# YOUR INSTRUCTIONS:
Word for word, set down every line of the entries below from the line with "22-23 CELTICS Green NBA Training Vest" to the line with "cover image of The Dark Journey", including both, and no other line.

# AVAILABLE DATA:
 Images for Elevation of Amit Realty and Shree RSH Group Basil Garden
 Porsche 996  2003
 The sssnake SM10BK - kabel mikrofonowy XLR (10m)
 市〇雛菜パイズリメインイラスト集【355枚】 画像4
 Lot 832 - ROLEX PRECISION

--

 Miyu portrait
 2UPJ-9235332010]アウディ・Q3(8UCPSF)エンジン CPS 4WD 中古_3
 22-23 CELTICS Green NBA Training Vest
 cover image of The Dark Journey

# WRITTEN RESPONSE:
 22-23 CELTICS Green NBA Training Vest
 cover image of The Dark Journey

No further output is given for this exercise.